No, and they can't be — PNG is a still image format with no scripting or interactivity. Buttons, menus, and ActionScript logic are flattened out; you'll get a snapshot of what was visible on stage at the chosen frame. If your SWF has dynamic content that only appears after a click or scripted trigger, you'll see only the initial state.

What's the difference between Quality Preset and Colors here?

Quality Preset (Lowest through Highest) controls the compression effort and internal precision when rendering — Highest takes longer but produces the cleanest pixel data. Colors caps the palette (2 to 256) and is how you get genuinely small PNG files — an 8-color dithered PNG of a flat-shaded cartoon can be 5-20x smaller than a full-color one. For photographic-style art use Highest with no color reduction; for icons and flat illustration, 32-128 colors is often indistinguishable from the original.

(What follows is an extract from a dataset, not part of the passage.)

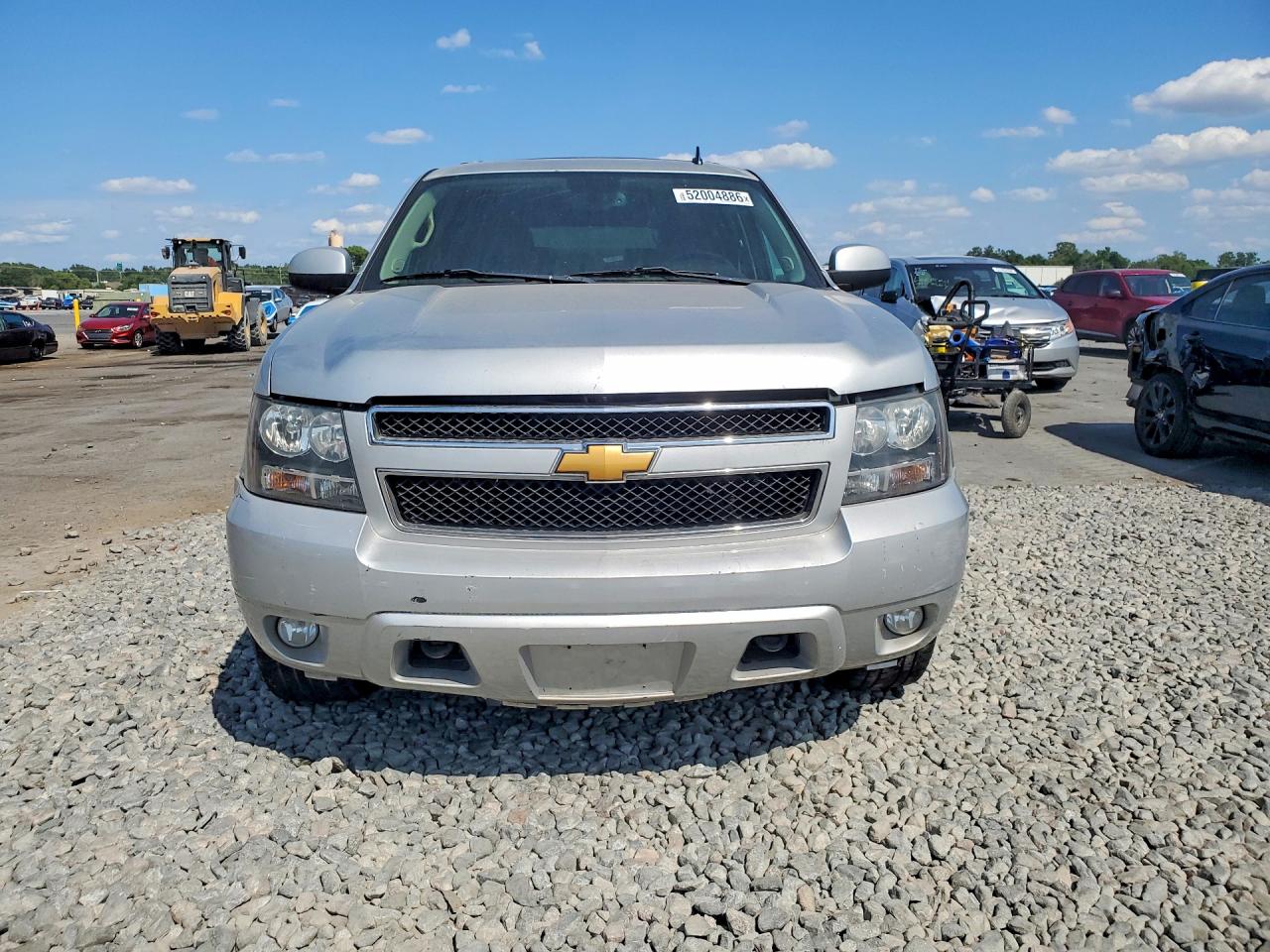 2013 Chevrolet Suburban VIN 1GNSKJE74DR146070 photo 5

Why convert to PNG instead of JPG?

PNG is lossless, supports an alpha channel for transparent backgrounds, and re-saves without degrading. JPG is lossy with no alpha. For Flash content with transparent layers, text overlays, or flat color regions, PNG is the right choice — JPG would introduce ringing artifacts around the edges. If file size matters more than transparency, you can convert the resulting PNG to JPG separately or use SWF to JPG directly.

Can I batch-convert hundreds of old SWF banners at once?

Yes. Drop the whole folder onto the uploader and the same settings (frame selection, resolution, quality) apply to every file. Each output PNG keeps the source filename with a.png extension. For ad-agency archives where you want the first frame of every banner, set Specific Frame → Time = 0 and convert the batch in one click.

Is my SWF safe — do you keep the original files?

No. Files are uploaded for processing only, never stored long-term, never indexed, never shared. We don't require sign-up and don't fingerprint your files. If you're working with proprietary archived ads or unreleased game art, that's the same model you'd get from a desktop tool — your originals are deleted from our servers after a few hours.

Can I open the converted PNG anywhere?

Yes. PNG is supported natively by every modern browser, every operating system's image viewer (Windows Photos, macOS Preview, Linux Eye of GNOME), every office suite (Word, Pages, Google Docs), and every image editor (Photoshop, GIMP, Photopea, Krita, Paint.NET). Unlike SWF, you don't need a deprecated plugin to view it.